Elaboration of the Homologous Plastid-Encoded Protein Families that Separate Paralogs in Magnoliophytes
Lyubetsky V.A., Seliverstov A.V., Zverkov O.A.
Institute for Information Transmission Problems, the Russian Academy of Sciences (Kharkevich Institute)
Abstract. The division of proteins into families such that paralogous proteins belong to different families allows clarifying protein annotations and searching a family by its phylogenetic profile. The profile is defined by separating the set of species into three parts according to the presence/absence of a protein binding site (or other species feature) as well as indeterminacy in that respect. Another use of the families can be the search of proteins specific for a narrow taxonomic group (“signatures”). We have developed the algorithm to form these families and applied it to various sets of proteins.

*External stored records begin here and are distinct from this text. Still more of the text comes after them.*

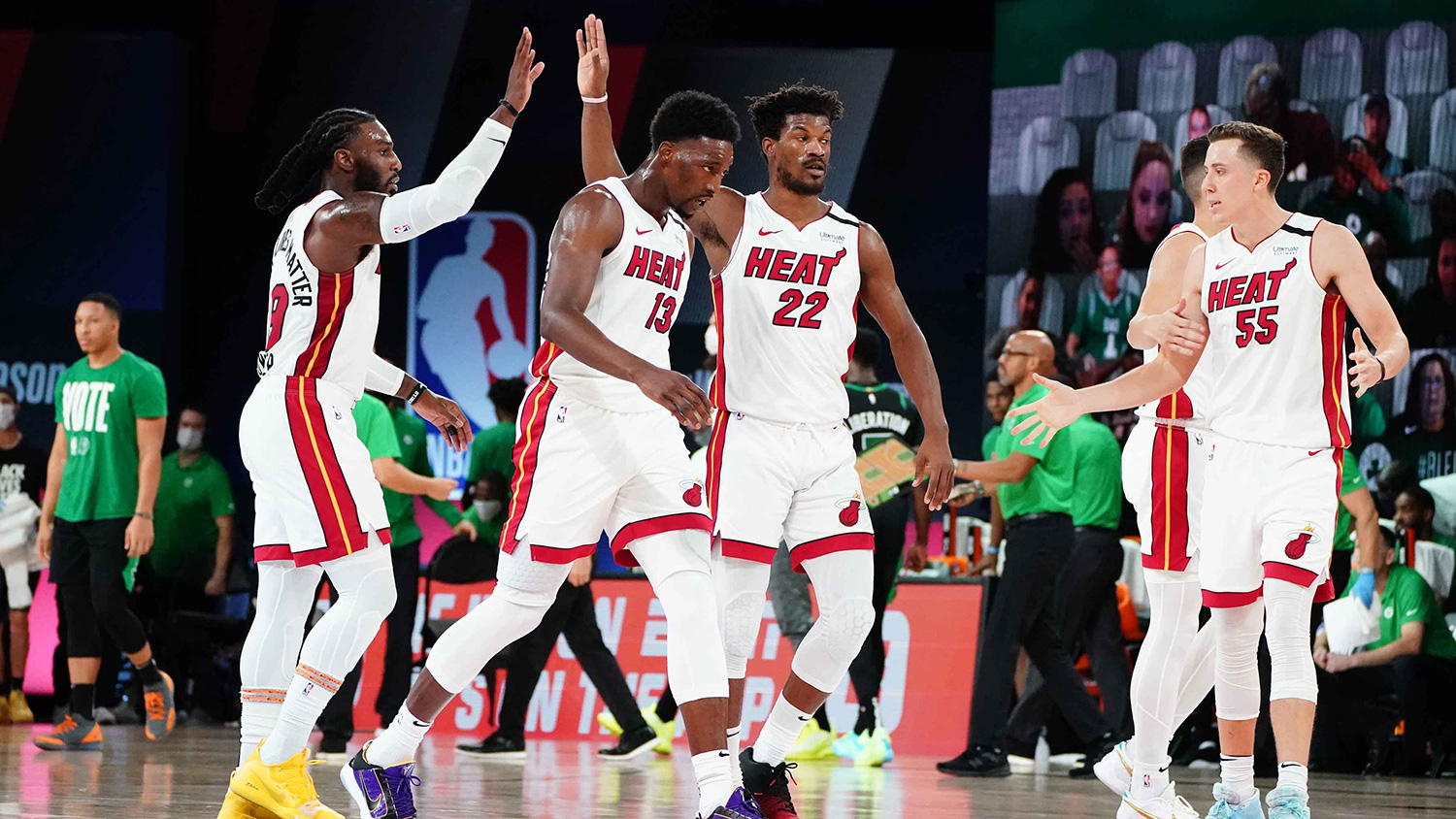 میامی هیت - بسکتبال NBA - پلی آف NBA - نتیجه مسابقات NBA
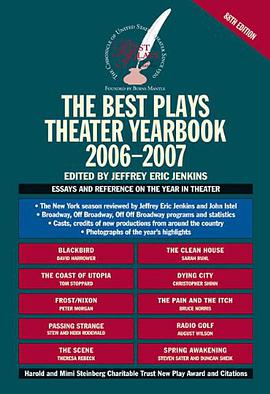 The Best Plays Theater Yearbook 2006-2007 pdf epub mobi 电子书 下载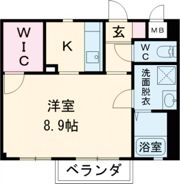 グリーンハイツ大安の間取り画像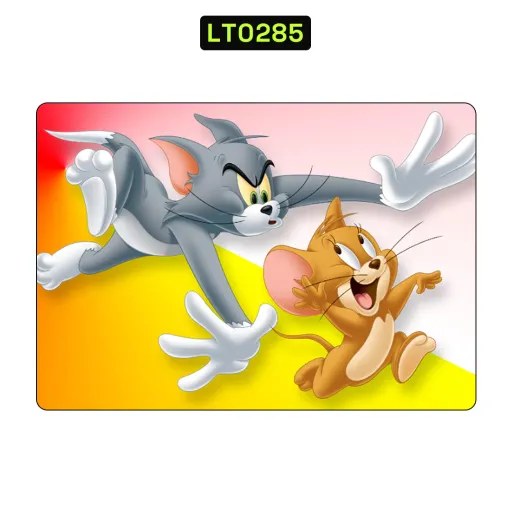 Premium Cartoon Laptops Skin - Wholesale | Nexa Skins — LT0285 - Cartoon Raw Skins (tom and jerry, animation, cat and mouse)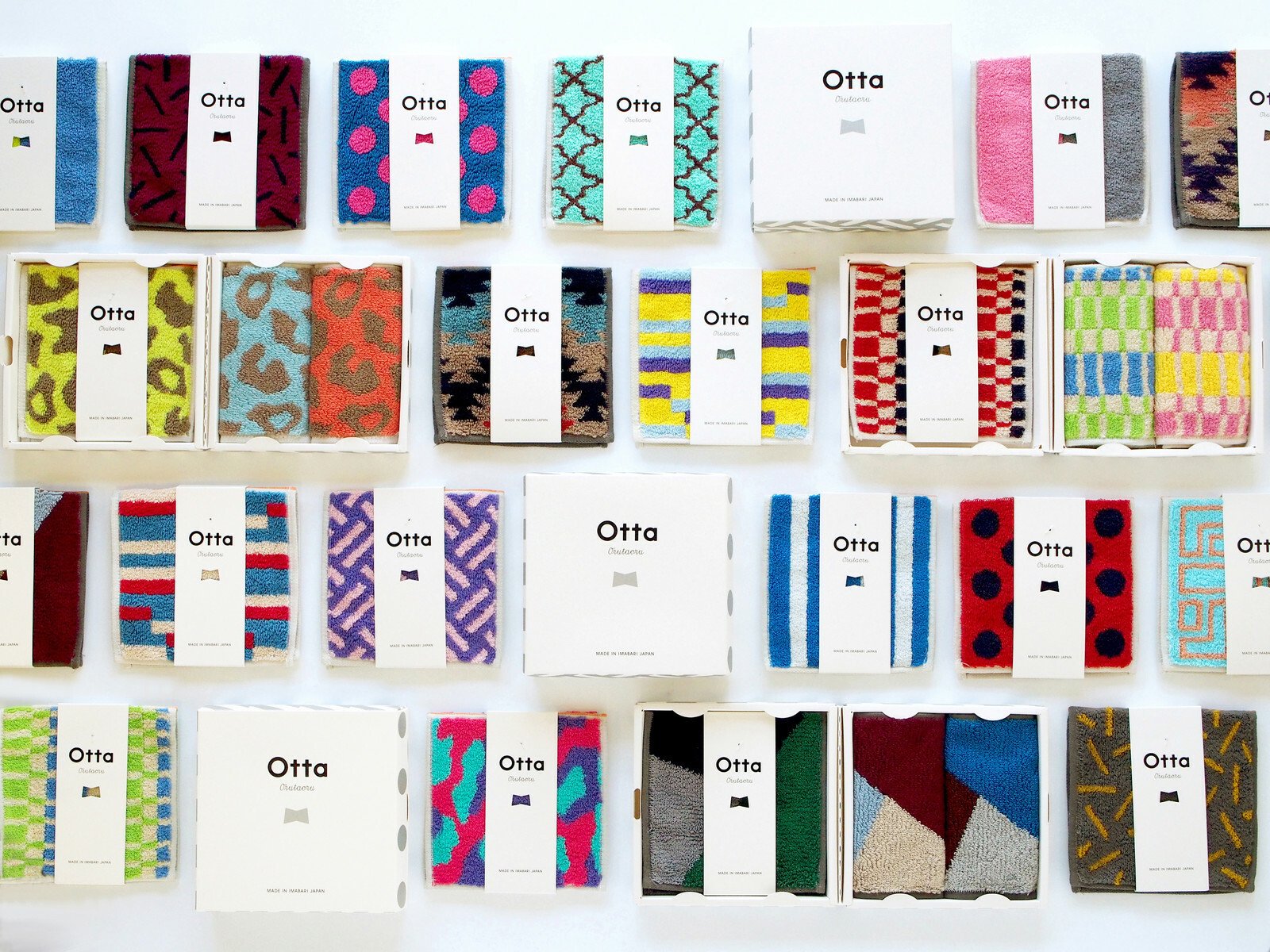日本毛巾品牌田中產業_金治認證毛巾_Otta半毛巾手帕_tanaka_otta_imabari_half_towel_handkerchief-14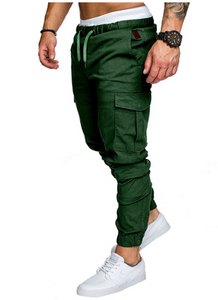 Men's Slim Fit Casual Trousers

Among them is a set of plastid-encoded proteins in 186 Magnoliophyta plants. For this case, the corresponding database and algorithm for family search by a phylogenetic profile are freely accessible on the Web at http://lab6.iitp.ru/ppc/magnoliophyta/. The algorithm was also used for the division (clusterization) of mitochondrion-encoded proteins in 66 species of the green plants taxon (Viridiplantae); the corresponding database is provided at http://lab6.iitp.ru/mpc/viridiplantae/. The algorithm was applied to both rhodophyta-like and chlorophyta-like (algae and bryophytes) plastid branches; the corresponding databases are presented at http://lab6.iitp.ru/ppc/redline/ and http://lab6.iitp.ru/ppc/chlorophyta/. On this basis, some biological results were obtained. For example, in grape (Vitis vinifera) we found unique proteins which at the same time are typical for plastids. This allows predicting the horizontal gene transfer from plastids to mitochondria. The formal statement of the proteins clusterization problem is still waiting for completion.
Key words: clustering, protein families, plastids, mitochondria.